TROIS VACHES TARINES EN 1952, 135 EN 2014. LA FAMILLE TRÉSALLET-VILLIEN A SU SAISIR DES OPPORTUNITÉS DE DÉVELOPPEMENT POUR PRODUIRE AUJOURD'HUI 480 000 LITRES EN AOP BEAUFORT.
ON NOUS ENVIE NOTRE PRIX DU LAIT AOP BEAUFORT (720 € les 1 000 litres en 2013-2014), en faisant trop souvent abstraction de nos conditions d'exploitation de montagne et de nos coûts de production », observent Cédric, Yohann et Georges, les trois associés du Gaec de l'Armoise. À Bourg-Saint-Maurice, en Savoie, le silo de maïs n'est pas à la porte de l'étable et les vaches ne sont pas en bâtiment toute l'année. Dès que la neige a fondu, elles montent chercher l'herbe jusqu'à 2 300 m d'altitude. « Nous travaillons dans des conditions très particulières avec des engins coûteux et un parcellaire éclaté, aussi bien pour faire le foin que pour faire pâturer les génisses et les vaches. »

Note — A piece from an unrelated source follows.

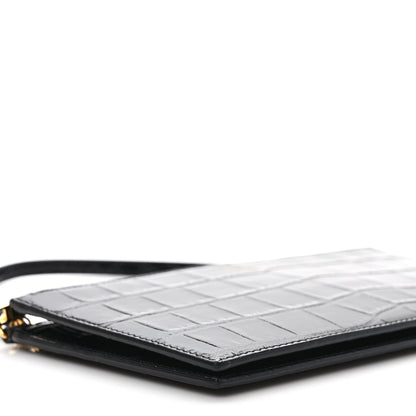 Saint Laurent Calfskin Crocodile Embossed Double Pouch On Chain Black 7 of 9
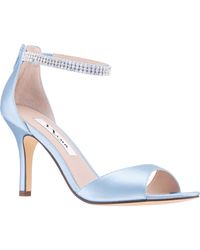 Nina - Volanda-sky Blue Satin Crystal Ankle-strap High-heel Dressy Sandal - Lyst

Six cents balles de foin sont également récoltées entre 1 200 et 1 700 m d'altitude, à 19 km de distance du siège de l'exploitation. Autour de ses bâtiments, le Gaec ne dispose que de 12 ha attenants. En Haute Tarentaise, les éleveurs sont également très tributaires du climat. « En alpage, il peut faire beau aujourd'hui et tomber trente centimètres de neige le lendemain, précisent Cédric et Yohann, qui sont cousins. Cette année, la neige est partie assez vite, mais le temps est resté froid. Début juin, la bise soufflait les après-midi et l'herbe peinait à pousser. Or, pour produire du lait, notre seul levier est de nous ajuster à la qualité de l'herbe. »
« LE LAIT PRODUIT L'ÉTÉ AU-DESSUS DE 1 500 M EST MIEUX VALORISÉ »

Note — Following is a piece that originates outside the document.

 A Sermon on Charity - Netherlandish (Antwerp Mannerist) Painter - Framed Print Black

Le cahier des charges AOP beaufort limite, en effet, non seulement les quantités de lait produites par vache à 5 000 kg par an, mais également les quantités de concentré : moins de 1,5 kg de céréales par vache et par jour en alpage.

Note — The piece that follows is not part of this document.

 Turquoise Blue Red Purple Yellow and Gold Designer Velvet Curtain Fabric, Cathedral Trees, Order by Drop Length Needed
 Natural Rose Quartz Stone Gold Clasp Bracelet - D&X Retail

Pour sécuriser la production de lait et donc le revenu, l'exploitation a choisi d'étaler ses vêlages. « Même si on essaie de faire plus de lait l'été -- le lait produit au-dessus de 1 500 m d'altitude entre le 1er juin et le 30 octobre est mieux valorisé -- , on trait 100 vaches tout le temps, sauf entre le 15 septembre et le 25 octobre. C'est un avantage pour la trésorerie et pour le suivi des animaux. » Une stabulation libre en logettes de 90 places avait été construite en 2003. C'était l'une des premières dans la vallée. Un véritable pari à l'époque : le Gaec à trois associés n'avait que 220 000 litres de quota et le prix payé par la coopérative de Haute Tarentaise n'était que de 540 € les 1 000 litres. Avec le recul, toutefois, c'était un bon choix. « L'exploitation a fait un gros emprunt, mais le bâtiment permet de mieux soigner les bêtes, se félicitent les éleveurs. À l'intérieur, les lactations démarrent mieux. Au pâturage, on essaie ensuite de maintenir les niveaux de production le plus longtemps possible. » La grosse période de vêlage s'établit entre début octobre et le 30 janvier. À Noël, 90 vaches ont vêlé. Le reste s'étale jusqu'à mi-juin.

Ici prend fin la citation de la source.